By then Kate had become the best selling female albums artist in the U.K. for the first quarter of 1978. Wuthering Heights has been number 1 in the Netherlands, Belgium, New Zealand (five weeks), and Australia; and "top-ten" in Germany, France, Brazil, Argentina, South Africa, Denmark, Sweden and Finland. On 4 July 1978 The Man With the Child in His Eyes reaches its chart peak in the U.K. at number 6. The Kick Inside is re-released in the U.S.A. on a new label--EMI-America. Wuthering Heights is finally released as a single in the U.S. There are some good notices, but Kate is considered by radio programmers to be "too bizarre" for the American market. On 10 November Kate's second album, Lionheart, is released internationally. A month later the Kate Bush Club, the official fan club, is formed.

On 17 February 1979 The Man With the Child in His Eyes enters the U.S. Billboard Hot One Hundred, the first of Kate's singles to do so. It remains there for four weeks, peaking at number 85. On 5 March the video for Wow is shown on television for the first time on The Kenny Everett Video Show. The tickets for Kate's first tour go on sale the same day. Kate is training to the pitch of an Olympic athlete for a tour that will last a month and a half, with Kate on stage almost continually for two and a half hours for most evenings during that period. (Only the Copenhagen, Hamburg and Amsterdam dates would be shortened, due to illness.) On 20 March the tour is completely sold out.
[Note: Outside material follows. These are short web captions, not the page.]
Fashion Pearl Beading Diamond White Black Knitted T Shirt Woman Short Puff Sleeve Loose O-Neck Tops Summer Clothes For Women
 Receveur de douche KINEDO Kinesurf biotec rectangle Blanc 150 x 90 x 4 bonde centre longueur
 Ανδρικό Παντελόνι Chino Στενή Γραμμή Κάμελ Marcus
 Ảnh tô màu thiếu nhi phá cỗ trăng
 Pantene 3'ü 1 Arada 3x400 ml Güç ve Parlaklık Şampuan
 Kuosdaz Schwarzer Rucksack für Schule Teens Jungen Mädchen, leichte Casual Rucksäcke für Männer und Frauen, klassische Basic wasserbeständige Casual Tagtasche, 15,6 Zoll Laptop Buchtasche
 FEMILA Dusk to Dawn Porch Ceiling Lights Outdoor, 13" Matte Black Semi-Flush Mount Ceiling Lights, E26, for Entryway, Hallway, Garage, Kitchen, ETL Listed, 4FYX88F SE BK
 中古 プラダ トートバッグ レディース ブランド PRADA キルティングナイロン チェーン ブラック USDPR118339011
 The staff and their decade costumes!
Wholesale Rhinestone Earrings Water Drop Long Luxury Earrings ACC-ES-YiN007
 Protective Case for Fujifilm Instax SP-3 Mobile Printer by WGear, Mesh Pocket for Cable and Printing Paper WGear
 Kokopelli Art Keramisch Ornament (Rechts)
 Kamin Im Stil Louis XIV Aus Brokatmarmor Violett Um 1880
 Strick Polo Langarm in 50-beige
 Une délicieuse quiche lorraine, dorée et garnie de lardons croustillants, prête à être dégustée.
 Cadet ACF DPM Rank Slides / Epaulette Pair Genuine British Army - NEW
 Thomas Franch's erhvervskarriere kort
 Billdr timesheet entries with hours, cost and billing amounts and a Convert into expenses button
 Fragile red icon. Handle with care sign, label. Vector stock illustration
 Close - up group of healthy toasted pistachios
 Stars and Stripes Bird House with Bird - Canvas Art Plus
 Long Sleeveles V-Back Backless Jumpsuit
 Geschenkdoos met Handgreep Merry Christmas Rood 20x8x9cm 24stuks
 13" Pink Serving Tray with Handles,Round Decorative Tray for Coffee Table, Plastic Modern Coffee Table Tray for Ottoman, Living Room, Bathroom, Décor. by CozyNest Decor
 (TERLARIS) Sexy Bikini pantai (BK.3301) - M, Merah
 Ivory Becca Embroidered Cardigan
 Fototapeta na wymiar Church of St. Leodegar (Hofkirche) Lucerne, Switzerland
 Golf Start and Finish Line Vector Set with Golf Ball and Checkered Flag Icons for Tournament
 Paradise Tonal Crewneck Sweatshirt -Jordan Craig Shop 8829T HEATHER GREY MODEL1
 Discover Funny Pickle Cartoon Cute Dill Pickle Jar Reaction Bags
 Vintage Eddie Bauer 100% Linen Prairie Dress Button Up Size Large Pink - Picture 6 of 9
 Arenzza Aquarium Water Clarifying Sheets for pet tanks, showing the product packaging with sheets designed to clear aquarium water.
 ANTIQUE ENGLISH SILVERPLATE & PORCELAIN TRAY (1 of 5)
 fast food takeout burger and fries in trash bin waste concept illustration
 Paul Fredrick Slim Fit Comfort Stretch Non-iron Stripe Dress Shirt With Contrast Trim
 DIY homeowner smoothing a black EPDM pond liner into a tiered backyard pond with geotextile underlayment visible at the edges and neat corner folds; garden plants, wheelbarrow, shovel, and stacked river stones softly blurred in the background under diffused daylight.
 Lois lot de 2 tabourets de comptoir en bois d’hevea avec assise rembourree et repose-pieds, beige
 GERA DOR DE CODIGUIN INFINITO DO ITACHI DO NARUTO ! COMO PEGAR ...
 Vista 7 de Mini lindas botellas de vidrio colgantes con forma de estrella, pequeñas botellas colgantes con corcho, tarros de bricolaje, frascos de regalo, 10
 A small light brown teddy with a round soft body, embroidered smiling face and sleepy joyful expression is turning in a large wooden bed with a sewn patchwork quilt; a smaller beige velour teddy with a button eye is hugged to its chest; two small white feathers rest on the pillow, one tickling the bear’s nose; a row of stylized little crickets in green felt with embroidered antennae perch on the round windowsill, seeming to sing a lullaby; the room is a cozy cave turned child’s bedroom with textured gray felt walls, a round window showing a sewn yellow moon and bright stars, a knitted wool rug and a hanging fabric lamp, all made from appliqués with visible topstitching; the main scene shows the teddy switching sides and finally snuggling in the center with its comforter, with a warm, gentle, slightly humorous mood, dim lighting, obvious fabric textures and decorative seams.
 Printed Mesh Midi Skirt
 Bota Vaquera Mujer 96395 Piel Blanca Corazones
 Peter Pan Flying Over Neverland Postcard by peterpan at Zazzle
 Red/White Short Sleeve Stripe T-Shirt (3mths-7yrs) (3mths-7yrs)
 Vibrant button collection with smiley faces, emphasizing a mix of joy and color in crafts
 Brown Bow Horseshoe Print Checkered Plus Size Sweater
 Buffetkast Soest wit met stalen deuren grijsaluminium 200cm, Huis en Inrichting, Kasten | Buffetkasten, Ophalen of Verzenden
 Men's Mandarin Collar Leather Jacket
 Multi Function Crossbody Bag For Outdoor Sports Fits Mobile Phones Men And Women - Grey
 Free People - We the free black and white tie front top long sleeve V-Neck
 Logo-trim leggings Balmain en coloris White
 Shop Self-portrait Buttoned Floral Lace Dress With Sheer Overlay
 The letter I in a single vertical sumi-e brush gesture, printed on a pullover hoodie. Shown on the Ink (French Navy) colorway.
Extra dates are announced at the London Palladium, the Birmingham Hippodrome, and the Manchester Apollo. These are also sold out in days. Kate is meanwhile maintaining absolute secrecy on the style and content of the show.

2 April 1979 was the tour playdate at Pool Arts Centre in Dorset. The performance is a total success, but is marred by the death of lighting engineer Bill Duffield, who falls from the lighting galley as the show is being packed up. The Liverpool Empire date, the first official date of the tour. Kate holds press conferences at each tour date, and is interviewed by the local press and radio. BBC TV screen a short documentary film as part of the Nationwide series, on the preparation and rehearsal for the tour. On 21 April the Abba Special is aired on BBC TV, including the routine for Wow. Kate announces that she will play a special benefit gig for the family of Bill Duffield when she returns from the European leg of the tour. Her special guests will be Peter Gabriel and Steve Harley, with whom Bill Duffield had worked in the past. Further extra dates are announced, including one at which the entire performance will be videotaped by the Keef MacMillan organization.

On 24 April the European tour commenced at Stockholm Concert House. Kate contracts a throat problem, and the next three dates are cut short. Following the tour, Kate takes some time to recover from what amounts to physical and mental exhaustion. In June she begins writing songs for her third album. In January 1980 Kate goes into Studio Two at Abbey Road for the five-month recording session which will complete her third album, Never For Ever. On 10 May 10 The Kate Bush Club holds its first convention at the Empire Ball Room, Leicester Square in London. Kate attends. The edited version of Keef MacMillan's recording of the May 13th concert (in the Hammersmith Odeon) is given its first public showing. After working twenty or more hours a day, Kate finishes Never For Ever. Its release is put back, however, until September. Kate takes a badly needed holiday.

On 23 June 1980 the single Babooshka is released. Because the technicians at the BBC are on strike, the video cannot be shown. Babooshka, however, is Kate's most successful single since Wuthering Heights. In August Kate puts down the first ideas for a new album, beginning the two-year project that would produce The Dreaming. On 8 September Never For Ever is released. Kate undertakes a very heavy promotional schedule. On 16 September the album enters the official chart at number 1. Kate is the first British solo female artist ever to reach the number 1 position on the British album charts. In October Kate resumes writing and making demos for the next album. She returns to Europe for more promotion in Austria (interviews only), Holland, Germany (Hamburg and Munich for more print and radio interviews), and France. Kate writes an article for the magazine Woman's World, entitled How Can You Eat Dead Animals?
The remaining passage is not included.